**** EXERCISE MATERIAL

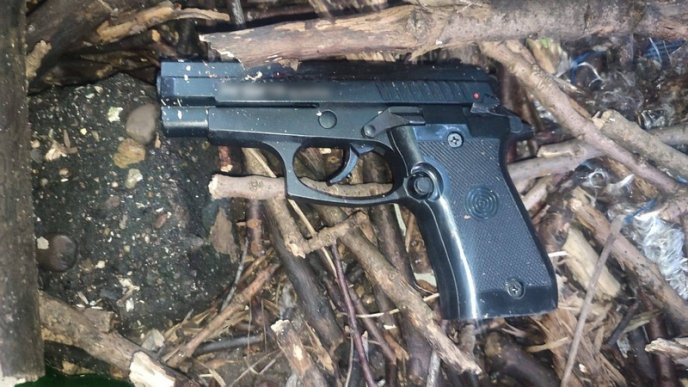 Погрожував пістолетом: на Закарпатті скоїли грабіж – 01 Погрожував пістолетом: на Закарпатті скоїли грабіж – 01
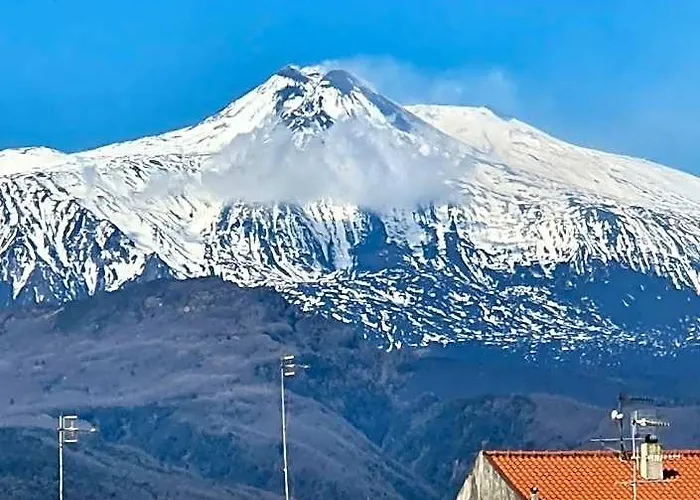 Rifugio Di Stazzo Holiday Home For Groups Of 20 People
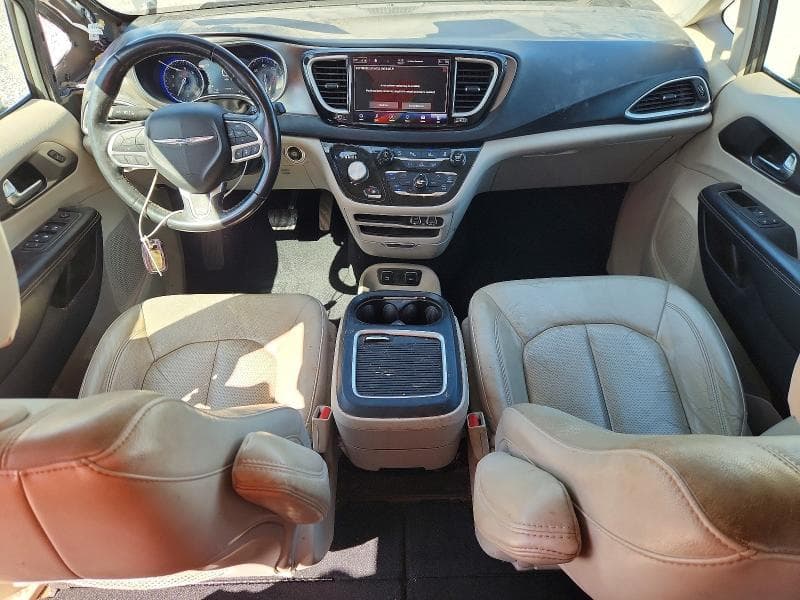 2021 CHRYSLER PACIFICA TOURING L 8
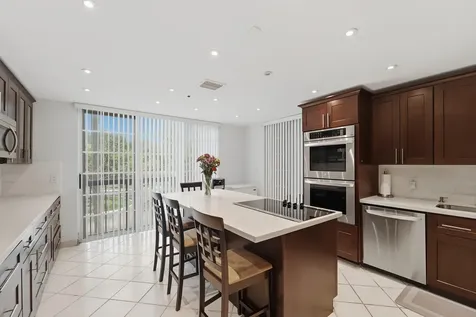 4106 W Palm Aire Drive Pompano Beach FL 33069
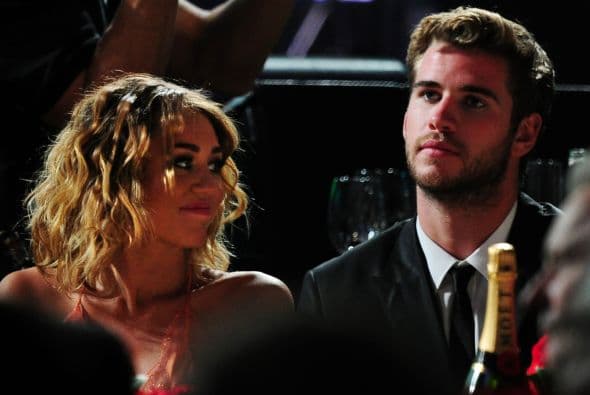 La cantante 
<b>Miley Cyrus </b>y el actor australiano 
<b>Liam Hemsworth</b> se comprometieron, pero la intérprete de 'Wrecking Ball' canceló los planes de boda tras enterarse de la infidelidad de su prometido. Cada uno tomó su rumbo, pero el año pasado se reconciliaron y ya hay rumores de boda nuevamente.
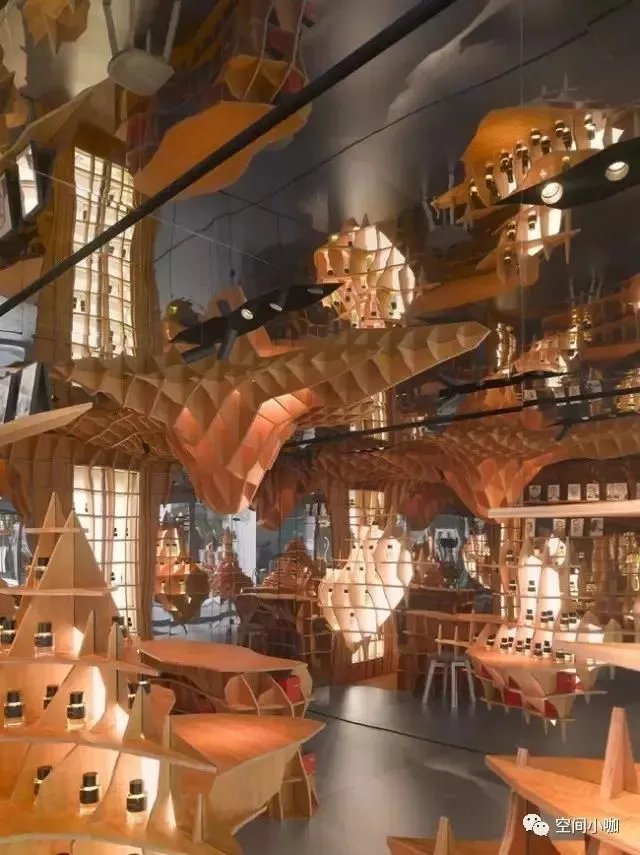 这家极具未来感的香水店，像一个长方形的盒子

********

## PROMPT
Give back, word for word, the lines from the line that contains "Rifugio Di Stazzo" through the last line of the records, with no pictures and nothing else.

## RESULT BELOW
 Rifugio Di Stazzo Holiday Home For Groups Of 20 People
 2021 CHRYSLER PACIFICA TOURING L 8
 4106 W Palm Aire Drive Pompano Beach FL 33069
 La cantante 
<b>Miley Cyrus </b>y el actor australiano 
<b>Liam Hemsworth</b> se comprometieron, pero la intérprete de 'Wrecking Ball' canceló los planes de boda tras enterarse de la infidelidad de su prometido. Cada uno tomó su rumbo, pero el año pasado se reconciliaron y ya hay rumores de boda nuevamente.
 这家极具未来感的香水店，像一个长方形的盒子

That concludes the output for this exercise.